▸ Record extracts:
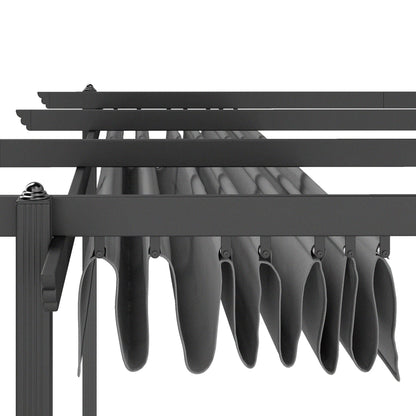 Outsunny 13' x 13' Aluminum Retractable Pergola Canopy, for Garden Patio Backyard Deck, Gray - 84C-567V00GY
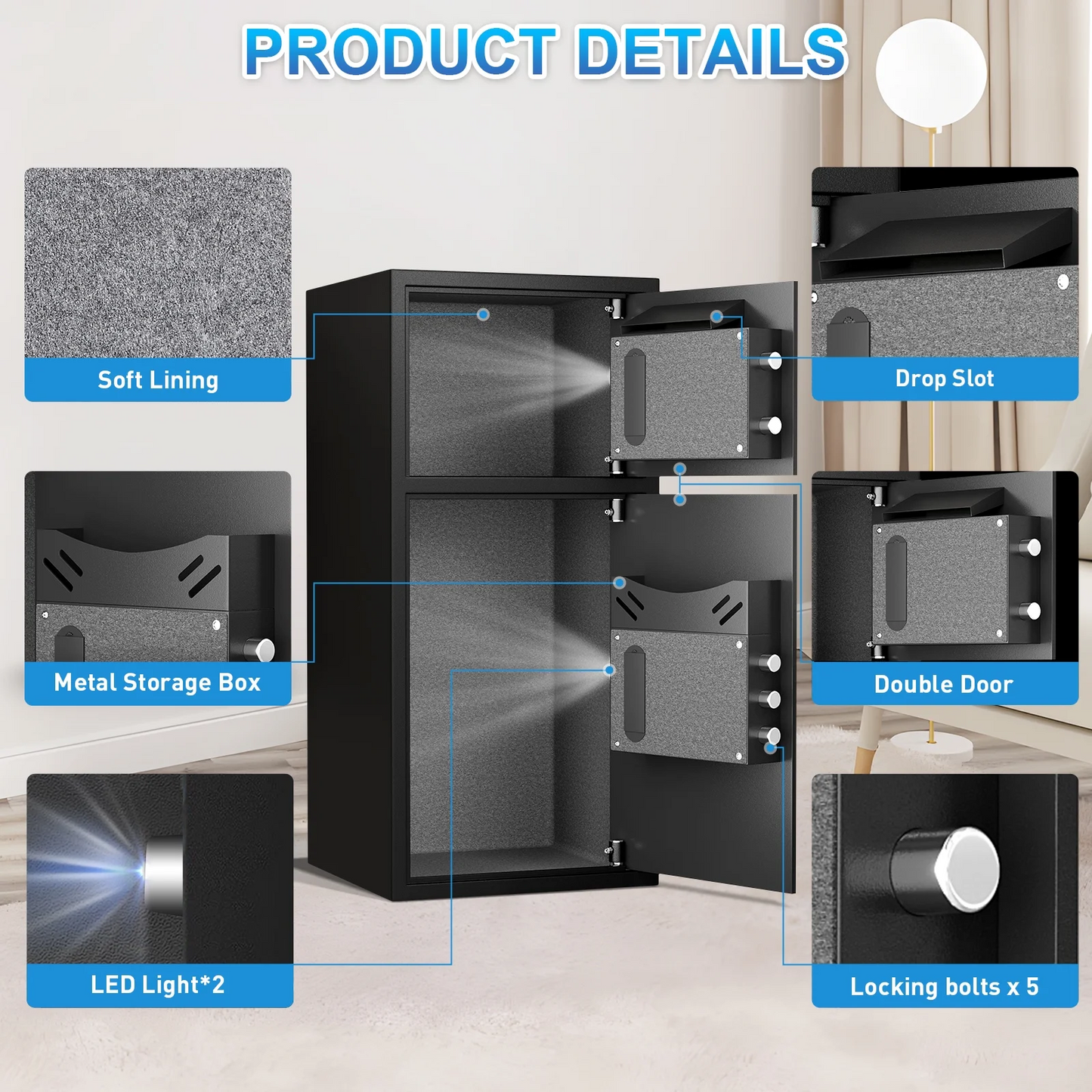 Home safe with fireproof safe box,digital home safe with deposit slot and metal storage box,personal document safe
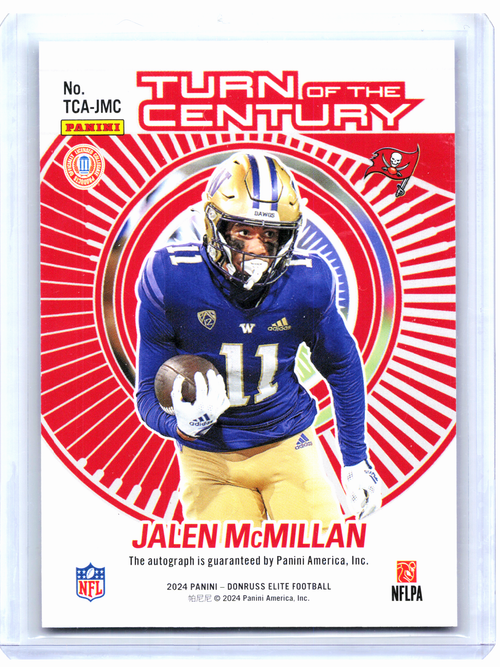 2024 Donruss Elite Football—Jalen McMillan #TCA-JMC Blue Rookie Auto RC 14/25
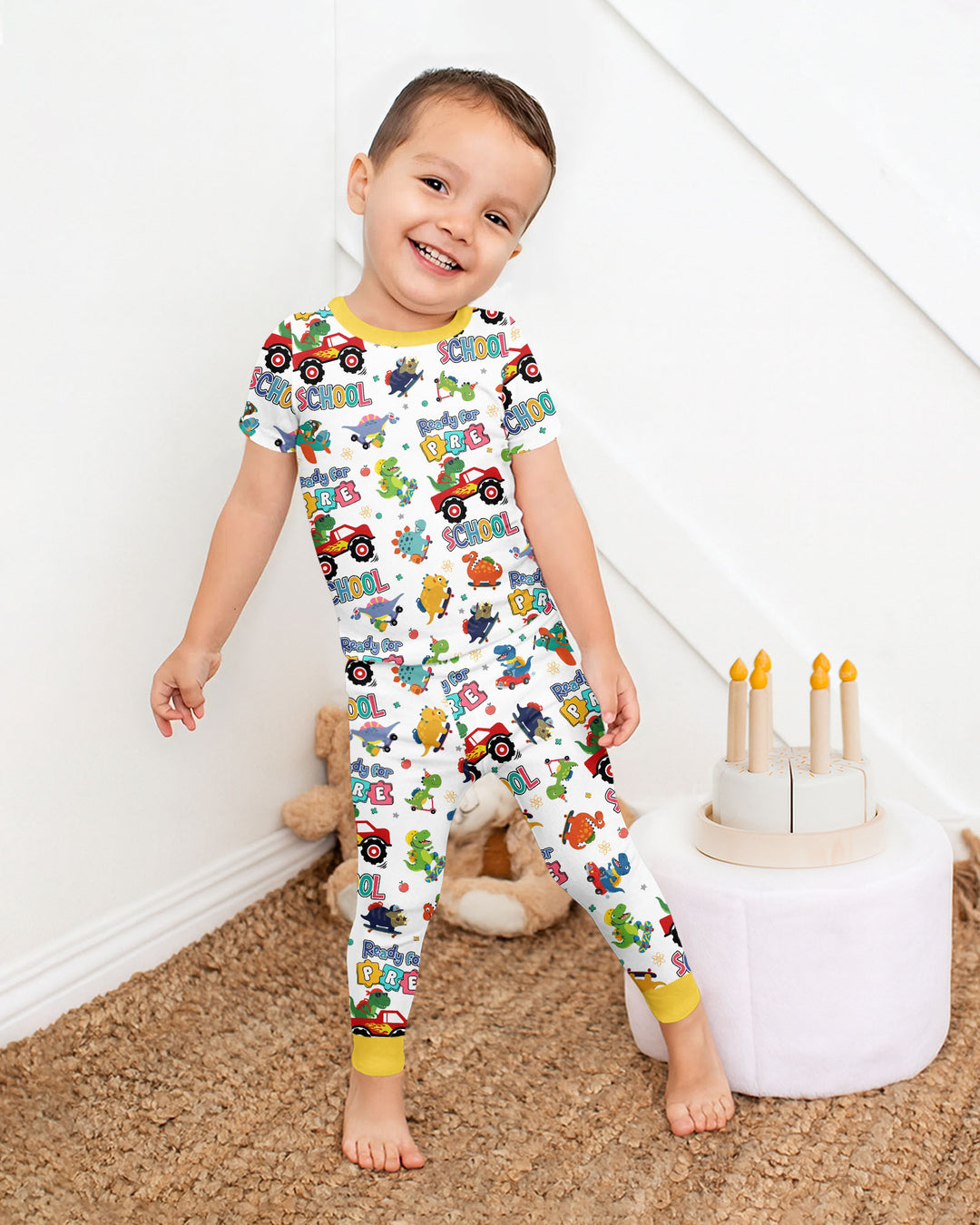 First Day of Preschool T-Rex Bamboo Two Piece Short Sleeve Pajama Set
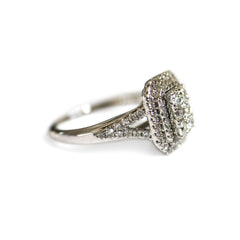 Diamond Halo White Gold Ring (0.50 Carats)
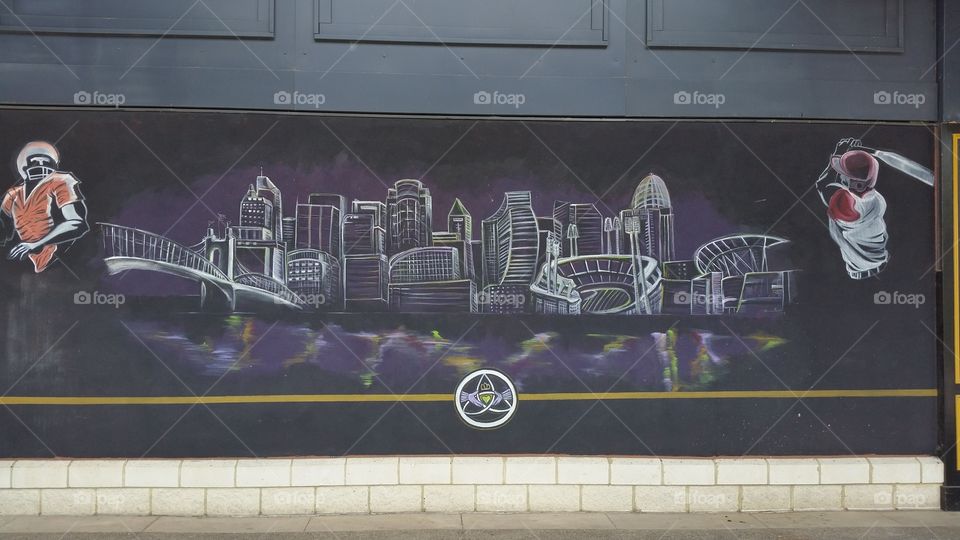 Cincinnati city. painting  of the city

▸ Problem requirements: What is needed is an exact restatement of every line from the one containing "2024 Donruss Elite" through the last line of the records, pictures left out.

▸ Output for this task:
 2024 Donruss Elite Football—Jalen McMillan #TCA-JMC Blue Rookie Auto RC 14/25
 First Day of Preschool T-Rex Bamboo Two Piece Short Sleeve Pajama Set
 Diamond Halo White Gold Ring (0.50 Carats)
 Cincinnati city. painting  of the city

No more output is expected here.